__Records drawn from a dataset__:
····················
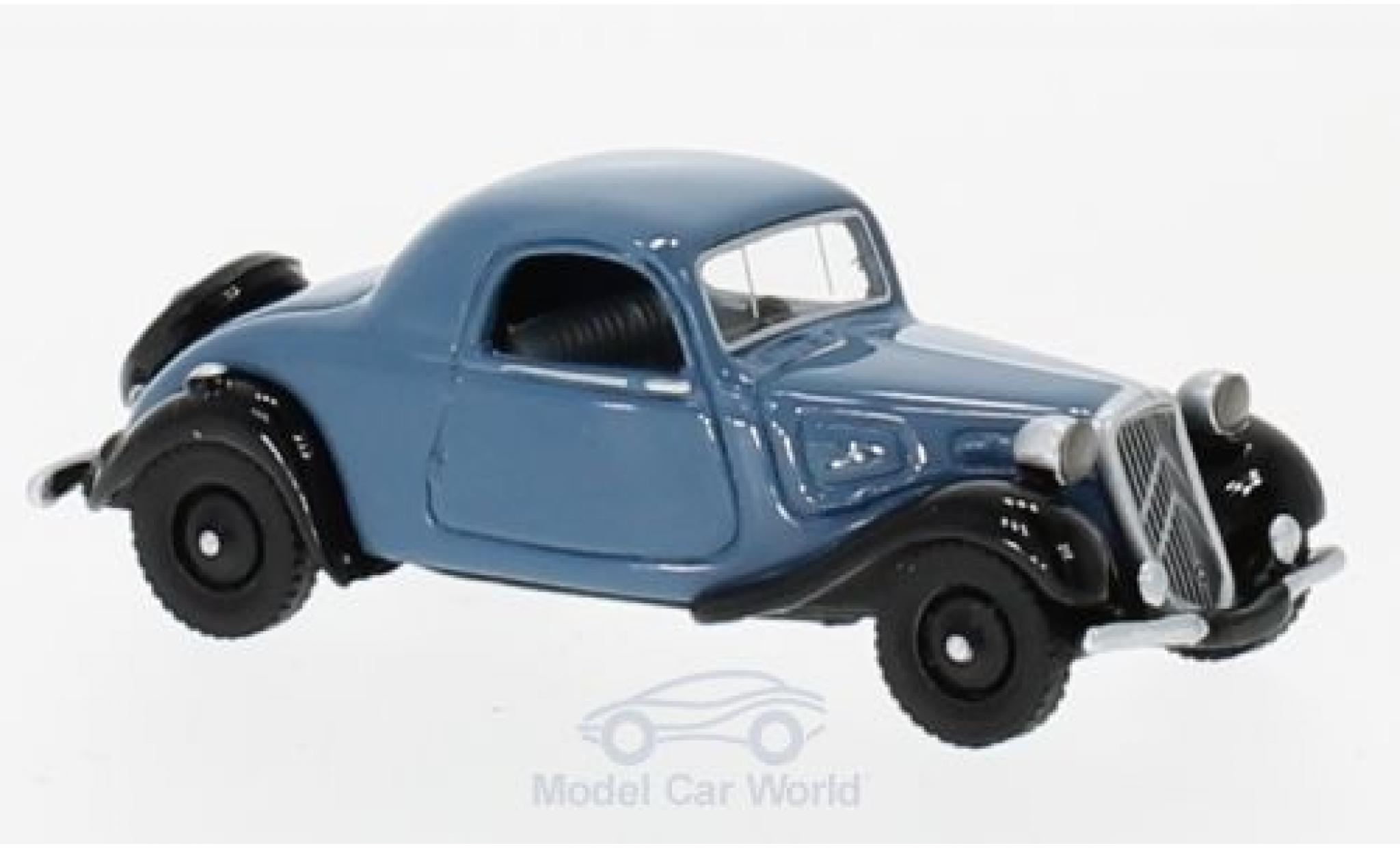 Citroen Traction 1/87 BoS Models Avant Faux Cabriolet blu/nero 1936 modellino in miniatura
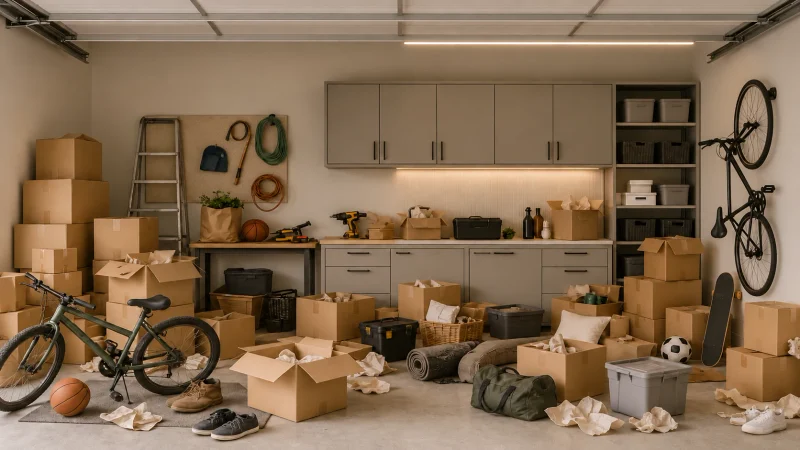 Garage before organizing, left, and after organizing, right
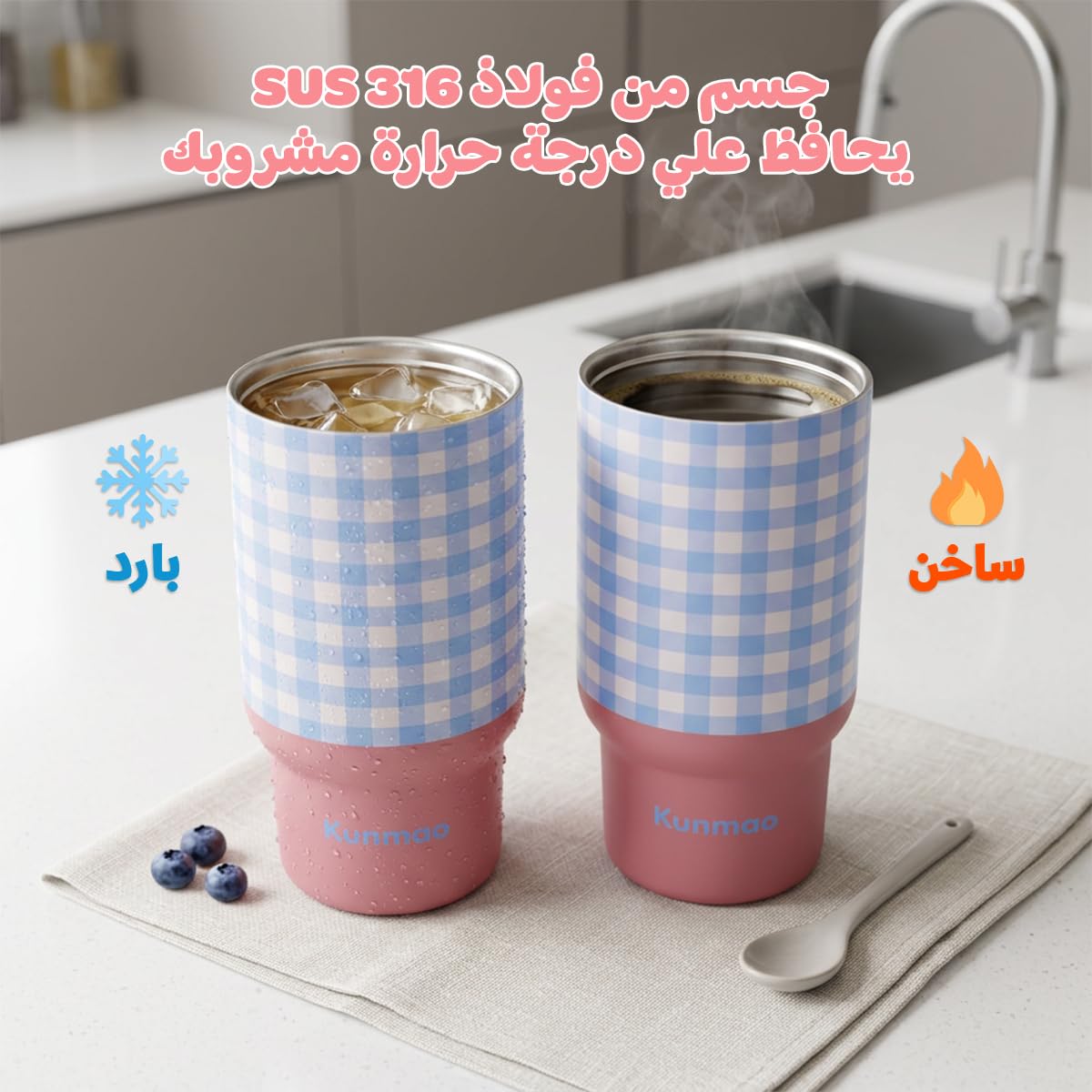 Water Bottle 800ml, Double-Wall Stainless Steel Travel Mug with Straw, Carry Handle, Strainer and Leakproof BPA-Free Lid for Hot and Cold Drinks, F-1531, Blue - image 5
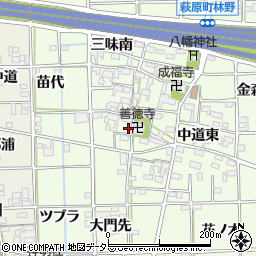 愛知県一宮市萩原町林野中道西周辺の地図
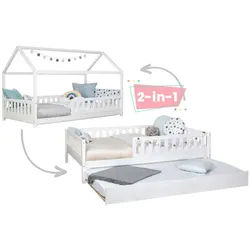 Mid.you Ausziehbett , Weiß , Holz , Kiefer , Schichtholz,massiv , H2 , Höhe ca. 20 cm , 120x200 cm , Bettkasten, bodentiefer Einstieg , Babymöbel & Kindermöbel, Kinderzimmer & Jugendzimmer, Kinderbetten, Kinderbetten & Jugendbetten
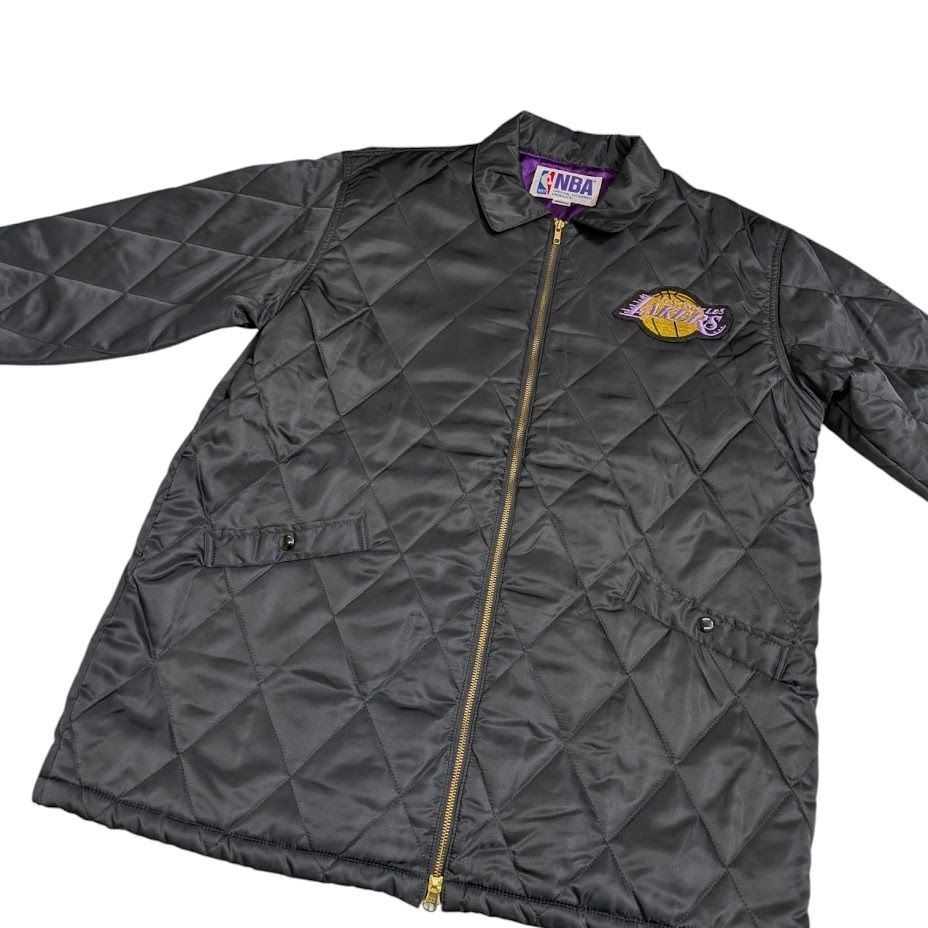 22 90s NBA LAKERS レイカーズ キルティングジャケット 古着 ナイロン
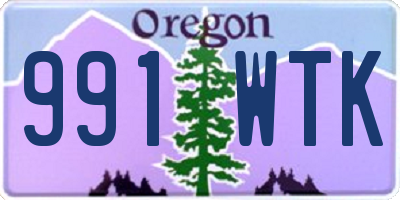 OR license plate 991WTK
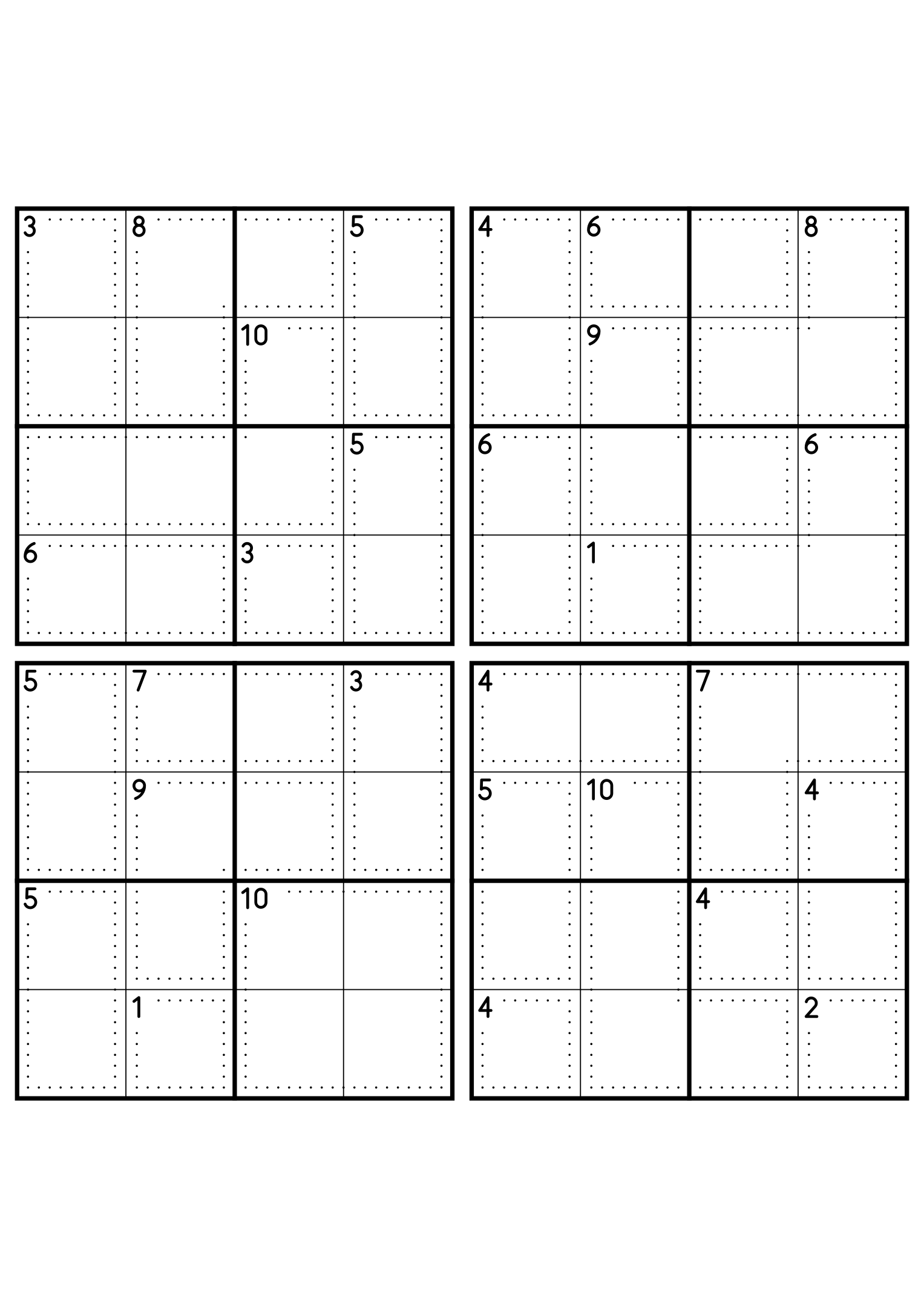 Four medium 4x4 killer sudoku grids with no given digit, only dotted cages and their sums. Level: Medium, 4 puzzles per page. Variant 7.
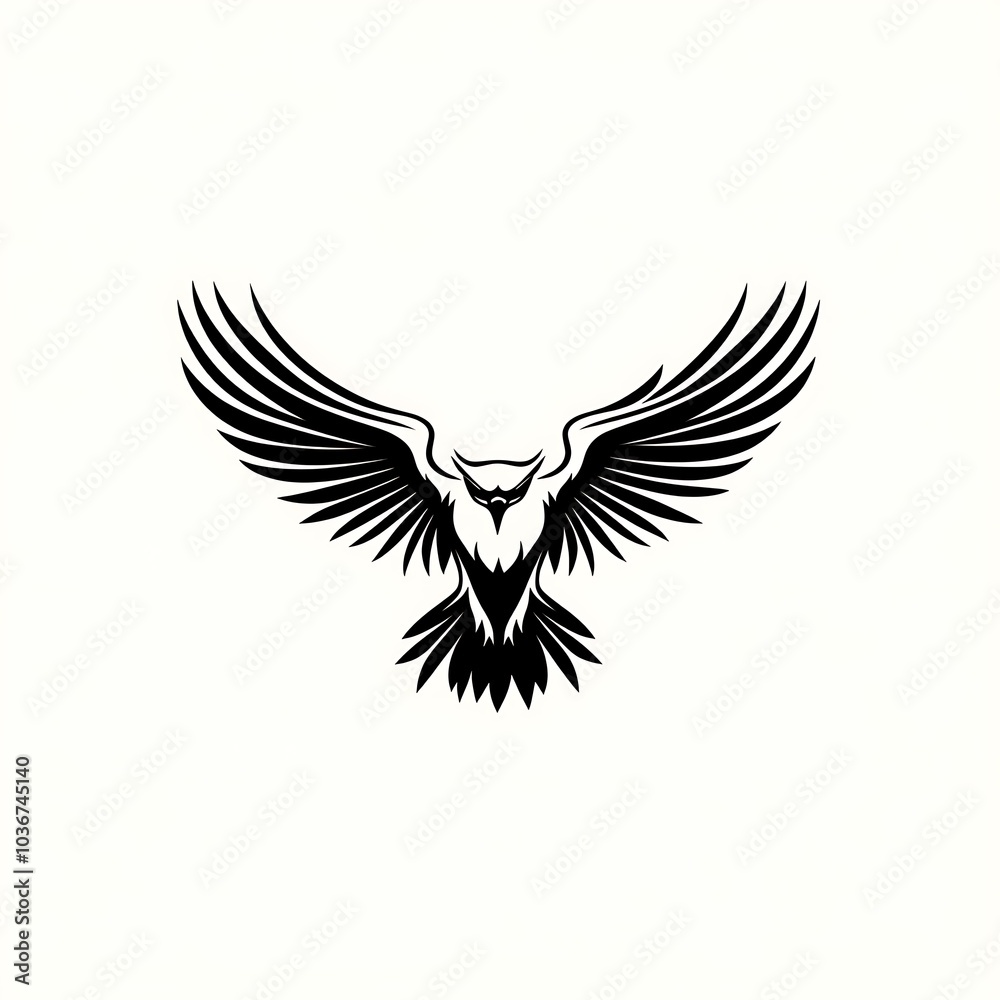 Obraz premium Black and white silhouette of an eagle with its wings spread.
····················
__DIRECTIONS__: The entries above should be retyped exactly, minus any pictures.

__ANSWER FOR THIS EXERCISE__:
 Citroen Traction 1/87 BoS Models Avant Faux Cabriolet blu/nero 1936 modellino in miniatura
 Garage before organizing, left, and after organizing, right
 Water Bottle 800ml, Double-Wall Stainless Steel Travel Mug with Straw, Carry Handle, Strainer and Leakproof BPA-Free Lid for Hot and Cold Drinks, F-1531, Blue - image 5
 愛知県一宮市萩原町林野中道西周辺の地図
 Mid.you Ausziehbett , Weiß , Holz , Kiefer , Schichtholz,massiv , H2 , Höhe ca. 20 cm , 120x200 cm , Bettkasten, bodentiefer Einstieg , Babymöbel & Kindermöbel, Kinderzimmer & Jugendzimmer, Kinderbetten, Kinderbetten & Jugendbetten
 22 90s NBA LAKERS レイカーズ キルティングジャケット 古着 ナイロン
 OR license plate 991WTK
 Four medium 4x4 killer sudoku grids with no given digit, only dotted cages and their sums. Level: Medium, 4 puzzles per page. Variant 7.
 Obraz premium Black and white silhouette of an eagle with its wings spread.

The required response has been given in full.